§ Your instructions
For the entries below, print exactly the lines between the line holding "Adidas chairman Herbert" and the line holding "1909 Dr Robinson", inclusive, and nothing else.

§ Material provided
------------------------------------------------
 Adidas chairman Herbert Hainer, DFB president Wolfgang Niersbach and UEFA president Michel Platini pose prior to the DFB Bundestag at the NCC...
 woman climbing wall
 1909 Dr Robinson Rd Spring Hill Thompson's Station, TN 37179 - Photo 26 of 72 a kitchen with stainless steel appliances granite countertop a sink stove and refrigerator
------------------------------------------------
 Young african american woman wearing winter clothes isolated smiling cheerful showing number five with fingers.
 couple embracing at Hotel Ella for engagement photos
------------------------------------------------
§ Written answer
 Adidas chairman Herbert Hainer, DFB president Wolfgang Niersbach and UEFA president Michel Platini pose prior to the DFB Bundestag at the NCC...
 woman climbing wall
 1909 Dr Robinson Rd Spring Hill Thompson's Station, TN 37179 - Photo 26 of 72 a kitchen with stainless steel appliances granite countertop a sink stove and refrigerator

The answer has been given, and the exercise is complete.